Take a good look at this picture before I begin...
After reading the title of this blog post, can you guess what happened to me last night? Yep, during a friend's birthday festivities (with 20 other women watching), I proceeded to spill an entire glass of red wine all over myself, including my very cute, very white shirt.
Yep, I was *that* friend last night.
I had only had one drink at the time and, Murphy's Law, it was an $80 bottle from 2006 ("practically vintage!" as one of my girlfriends said), and it was a FULL glass. Nice work, Tasha. Not only do you wear white (after Labor Day, gasp!), but you manage to spill, not cheap wine but, pretty expensive wine all over yourself....in front of 20 women who are sitting at the table with you.
This was almost as bad as the time I bled on a stripper.
Yeah, not going to tell you THAT story, sorry 'bout that. If you know me in person, ask me about it. If you're lucky, I might tell you...
Back to the wine. What kills me the most is, typically, I am not *that* friend. I have never spilled a drink on myself...like, ever. I can handle my alcohol, thanks to my years of bartending. At the bars I worked at, we could drink while we worked, so I learned at a very early age how to drink without showing it.
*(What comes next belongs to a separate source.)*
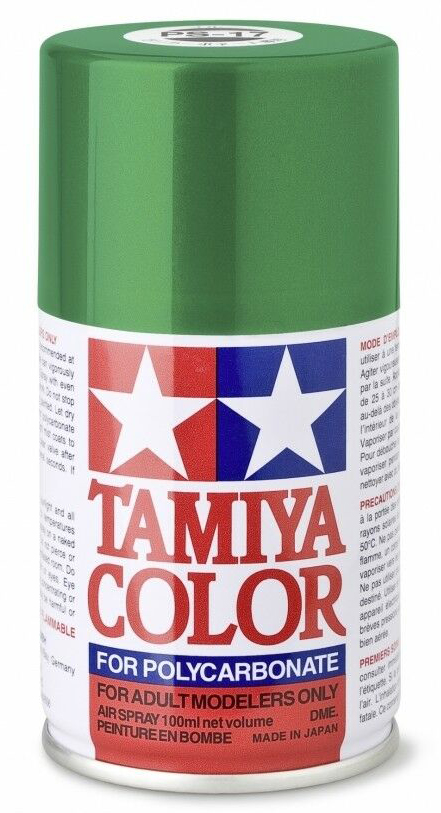 PS-17 PS-17 Metallic Green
So how did it happen, you ask? I was sitting at a very large table (with 20 other women, remember lol?), happily passing appetizer plates around when, two plates came to me at once. I did my best to pass one and then the other when....crash! All over my lap. I also made a very loud gasp when the glass emphatically hit my plate, pouring wine all over my plate (with delish food on it), the white table cloth, my pants and my shirt. The gasp probably got the attention of the remaining women who didn't hear the glass/plate crash.
Awesome. Way to get the birthday party started, Tasha.
But...there IS a happy ending to this story. After hunkering down at the table, trying to hide the very large, pinkish stain underneath the table, I texted The Hubs with my news. You know what he did? He grabbed a very pretty sweater from my closet, hopped in the car with no shoes on, and drove to the restaurant so I could change my shirt! I made him come in to where the party was and, thankfully, the women at my table gave him a round of applause.
I got a lot of "my husband would NEVER do that for me!" and "I can't believe he did that!" from the women around me.
I just told them that yes, I have a super-duper husband (love you, Hubs!) and...... I give really good blow jobs. Yes, I really told them that (add 20 classy points for that one).